それはいつだったか。結構前になってしまうのだけど、自分の家の畑の様子を見ていた僕は、森の方へと走って行く人影を見た。その時はもう日が暮れていたから誰かは分からなかったけど、こんな時間に灯りも持たずに森の中に入るのは自殺行為に近い。
自然と僕の足は人影を追った。そこで、土居を見つけたのだ。
「あ……」と泣き顔を見られた彼女は小さく声を出して、僕はそれに圧倒された。
土居がクラスの中で無視され続けているのは知っていたけれど、それがここまで彼女を弱らせているとは思っていなかったのである。

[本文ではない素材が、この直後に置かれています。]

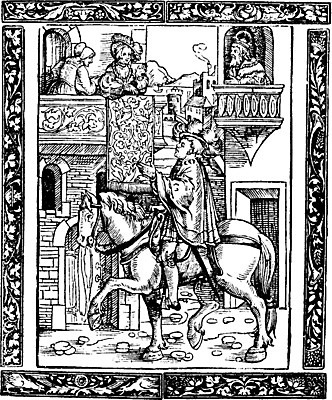 EPS 해외이미지 선 일러스트 대화 미술 사람 앉기 검은색 수확 흰색 승차 그림 타운 판화 안뜰 해외202004 해외일러스트 컬러 농업 모션 문화예술 말하기 도시 파일형식 벡터 이미지허브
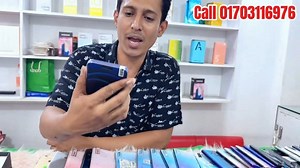 used mobile phone price in bangladesh 2024 | মাত্র ৩০০০ টাকায় গেমিং...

もちろん何か他の要因があって泣いていた可能性はあるものの、慌てていた僕の視野はもの凄く狭まっていて、ただあたふたするしか出来なかった。
彼女は僕が無様なダンスを踊っている間に走って村へと帰って行ったが、その瞬間、確かに僕の中で何かが動いたのである。
だから僕は水川の靴を隠した。何かが変わることを祈って。結果としては何も変わらなかったけれど、今こうして土居が泣いてくれているということが全てだと思うのだ。